Entro em desespero, obviamente. Ela já estava estranha há tempos, mas em momento algum me dei ao trabalho de perguntar o porquê. Sou uma amiga vergonhosa. Com amargura, sinto a culpa pesar sobre meus ombros. Distraída como sou, posso tê-la magoado sem sequer notar e nem me interessei em saber qual era o problema. O sentimento de curiosidade vai embora num instante e o medo assume o seu lugar. É miserável o fato de eu ter visto as coisas acontecerem sem me dar conta do tamanho da minha falta de consideração.

— Nara, eu fiz alguma coisa? Por favor, me diga, você sabe que sou meio lenta para perceb…

— Pare, Lune, por favor!

Aí percebi que as coisas estavam realmente críticas. Nara mal podia ouvir minha voz. E o que eu faço? Milhões de alternativas me vêm à cabeça, provando o trabalho árduo, porém pouco útil, dos meus neurônios. Sim, porque, se eles tivessem achado uma solução plausível, eu não estaria ainda aqui inerte e com a boca aberta como uma planta carnívora.

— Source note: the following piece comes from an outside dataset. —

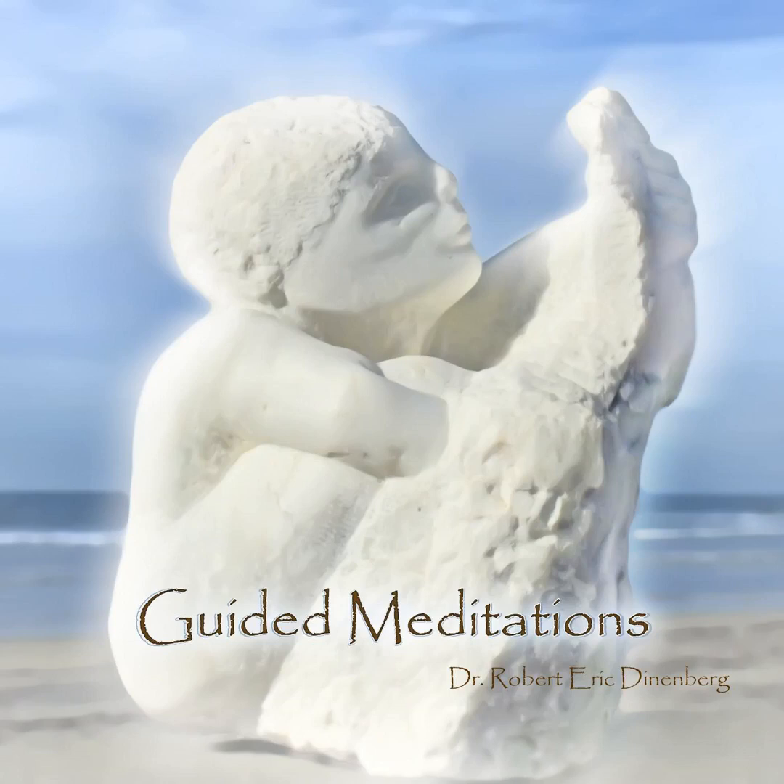Welcome to your meditation. I'm Dr. Robert Eric Dinenberg, and I'll guide you through from start to finish. We'll start with the imagery of the tree. Then we'll enter the practice of mindfulness, beginning with the feet. We'll go to the abdomen, where we have mindfulness of breathing. Then we'll go to the heart, where we have the practice of loving kindness. And we'll finish with imagery, the imagery of the dolphin.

Decido – em parte por achar mesmo melhor e em parte por falta de opções mais criativas – esperar Nara se acalmar para, por iniciativa própria, me explicar seu choro. Não demorou muito. Mais ou menos três minutos depois ela (ainda sem me encarar) desabafa.

— Me desculpe, Lune.

Essas mesmas palavras já estavam muito bem formadas na ponta da minha língua, prontas para serem soltas. A surpresa não me permitiu dizer nada. Não era bem essa a frase que eu estava preparada para ouvir.

— Como é? – pisco em sua direção, confusa. Suas bochechas ardem num vermelho gritante.

— Me desculpe, Lune, fui uma amiga ridícula para você.

— … Amiga ridícula?

— Sim.

— Hã?

— Pare com isso! – ela se enfurece com minha evidente dificuldade de compreender as coisas e me encara com seus olhões inchados.

— Desculpa, Nara, o que…

— Não peça desculpas!

Acho melhor eu ficar quieta de vez.

Sua vergonha é bastante perceptível, agora. Pela forma como está agindo, acho que realmente não fiz nada de errado (não que isso seja uma conclusão brilhante de minha parte).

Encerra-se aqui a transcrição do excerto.